Mama Edyty Górniak wciąż jest słaba po niedawnym pobycie w szpitalu, gdzie przeszła skomplikowaną operację przedramienia. Zajmują się nią, jak zwykle, mąż i młodsza córka. Edyta znów nie znalazła czasu, żeby się z nią zobaczyć. Kilka miesięcy temu jej nowa menedżerka próbowała ocieplić jej wizerunek ogłaszając w mediach, że Edyta jest w stałym kontakcie z mamą i zaprosiła ją do Sopotu na swój jubileuszowy koncert...
Żadne zaproszenie na Top Trendy nie dotarło - mówi tygodnikowi Życie na gorąco zdziwiona przyrodnia siostra Edyty. Tylko w dniu koncertu ktoś z Polsatu zadzwonił do mamy i zapytał, czy przyjedzie. Gdyby Edycie naprawdę zależało na dobrych relacjach z mamą, już dawno by tu przyjechała albo zadzwoniła. Numer od lat jest taki sam, a mama nadal czeka.
Ostatni raz Górniak rozmawiała z matką 5 lat temu.

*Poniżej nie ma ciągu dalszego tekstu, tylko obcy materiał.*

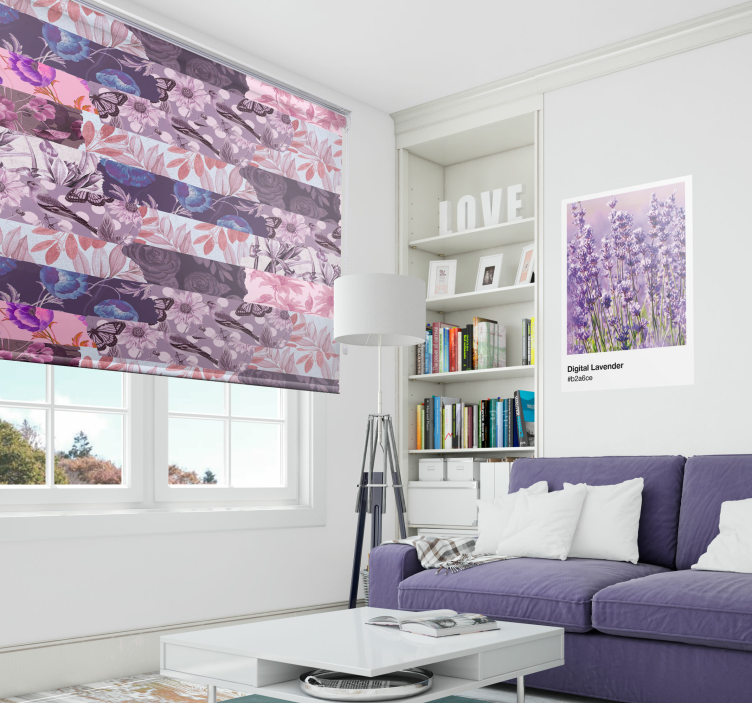 Store enrouleur fleur collage tons mauves - TenStickers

Tematem ich rozmowy był Marek K. szantażujący ją filmem nagranym w czasie gdy 15-letnia Górniak za zgodą matki pracowała w agencji modelek.
Od tamtej pory Edyta wypowiada się o matce prawie wyłącznie źle. Rodzina ukrywa przed nią gazety w wywiadami Edyty, w których można przeczytać zdania w rodzaju: "zawiodły mnie tak bliskie osoby jak ta, która mi dała życie" lub "tak bardzo chciałam uciec od traumy dzieciństwa, że pędziłam przez życie wcale się nim nie ciesząc". Dla schorowanej matki gwiazdy mogłoby to byż zbyt trudne.
Jak donosi tabloid o relacje z matka Edyty dba... jej były mąż, Dariusz Krupa. To on pilnuje by synek Allan miał kontakt z babcią.
Mój syn ma dwie wspaniałe babcie, dlaczego miałbym ograniczać mu kontakty z rodziną? - dziwi się Krupa. Rodzina to kapitał na przyszłość.
W takim razie Edyta woli chyba inwestować w samą siebie.